INPUT RECORDS:
++++++

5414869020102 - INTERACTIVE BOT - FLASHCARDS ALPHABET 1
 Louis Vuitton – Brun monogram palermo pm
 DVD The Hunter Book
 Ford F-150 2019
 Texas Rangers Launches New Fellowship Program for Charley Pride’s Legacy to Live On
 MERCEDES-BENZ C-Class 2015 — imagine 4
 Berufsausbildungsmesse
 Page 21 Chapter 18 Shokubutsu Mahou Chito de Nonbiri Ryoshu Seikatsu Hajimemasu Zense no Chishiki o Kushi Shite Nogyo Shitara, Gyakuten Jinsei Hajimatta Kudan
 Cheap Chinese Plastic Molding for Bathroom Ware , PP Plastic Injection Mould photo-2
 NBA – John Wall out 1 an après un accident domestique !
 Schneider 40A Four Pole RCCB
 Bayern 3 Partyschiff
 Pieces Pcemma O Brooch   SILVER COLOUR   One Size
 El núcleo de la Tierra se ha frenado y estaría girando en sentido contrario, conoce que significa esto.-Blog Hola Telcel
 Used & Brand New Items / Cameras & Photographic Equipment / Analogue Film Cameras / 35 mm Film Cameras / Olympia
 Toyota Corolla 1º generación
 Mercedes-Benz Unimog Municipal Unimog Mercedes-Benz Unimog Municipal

++++++

EXERCISE DESCRIPTION:
Your answer should be the lines above, from the line containing "Louis Vuitton – Brun monogram palermo pm" up to and including the line containing "Pieces Pcemma O", reproduced exactly and with nothing else.

ANSWER TO THE PROBLEM:
 Louis Vuitton – Brun monogram palermo pm
 DVD The Hunter Book
 Ford F-150 2019
 Texas Rangers Launches New Fellowship Program for Charley Pride’s Legacy to Live On
 MERCEDES-BENZ C-Class 2015 — imagine 4
 Berufsausbildungsmesse
 Page 21 Chapter 18 Shokubutsu Mahou Chito de Nonbiri Ryoshu Seikatsu Hajimemasu Zense no Chishiki o Kushi Shite Nogyo Shitara, Gyakuten Jinsei Hajimatta Kudan
 Cheap Chinese Plastic Molding for Bathroom Ware , PP Plastic Injection Mould photo-2
 NBA – John Wall out 1 an après un accident domestique !
 Schneider 40A Four Pole RCCB
 Bayern 3 Partyschiff
 Pieces Pcemma O Brooch   SILVER COLOUR   One Size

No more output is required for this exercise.